Retail Week Knowledge Bank’s recent Sainsbury’s profile update highlights this issue for a business that has arguably been buying sales growth and market share at the expense of fully restoring operating margins

Sainsbury’s has recently posted greatly reduced like-for-like growth.

For the wholly UK-focused grocer, this raises questions about its medium-term ability to achieve its improved operating profit and margin goals.

Retail Week Knowledge Bank’s recent Sainsbury’s profile update highlights this issue for a business that has arguably been buying sales growth and market share at the expense of fully restoring operating margins. Currently somewhat improved at 3.4%, they lag behind those of Tesco and Morrisons, at 6.1% and 5.9% respectively. Now, just as it seems Sainsbury’s was getting there on profitability, measures in the Budget may undermine its best laid plans.
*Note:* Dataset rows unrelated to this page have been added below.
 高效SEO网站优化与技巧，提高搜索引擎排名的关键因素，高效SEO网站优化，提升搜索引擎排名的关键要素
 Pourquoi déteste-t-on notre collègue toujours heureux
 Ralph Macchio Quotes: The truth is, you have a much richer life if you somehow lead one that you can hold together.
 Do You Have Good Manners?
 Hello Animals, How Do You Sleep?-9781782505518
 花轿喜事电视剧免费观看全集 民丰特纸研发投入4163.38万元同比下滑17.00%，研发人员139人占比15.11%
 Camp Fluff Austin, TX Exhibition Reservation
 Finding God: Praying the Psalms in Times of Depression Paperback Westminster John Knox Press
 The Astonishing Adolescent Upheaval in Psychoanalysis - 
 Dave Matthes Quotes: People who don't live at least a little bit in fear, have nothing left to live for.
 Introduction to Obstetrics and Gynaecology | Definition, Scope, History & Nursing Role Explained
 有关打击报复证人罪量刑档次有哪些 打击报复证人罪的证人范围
Aside from the expensive regional rebalancing of its store network by building better representation in the north and west, much may turn out to be dependent on more profitable non-food sales growth. This is growing three times faster than grocery sales and going forward non-food accounts for 40% of new supermarket sales space and 25% of sales growth. Capital expenditure, including a pipeline of 70 supermarket extensions to accommodate more non-food, is increasing by about 20% this year to £1.1bn.
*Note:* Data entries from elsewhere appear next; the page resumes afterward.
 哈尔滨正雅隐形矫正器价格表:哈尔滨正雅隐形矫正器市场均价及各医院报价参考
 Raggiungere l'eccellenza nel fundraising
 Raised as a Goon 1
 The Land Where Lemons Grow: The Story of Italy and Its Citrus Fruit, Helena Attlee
Not only will non-food be hardest hit by the VAT rise but there is also an element of playing catch up here - Tesco and Asda are well ahead of Sainsbury’s. Also, will this non-food push be fully accepted by Sainsbury’s typical Middle England customers, who are more likely to shop for non-food at John Lewis and Marks & Spencer?

Management restructuring is now giving former chief financial officer Darren Shapland, new director of development, a remit to investigate a possible return to the international scene. He will doubtless use his well-honed forensic accounting abilities to decide on the profit impact of the prospective equations.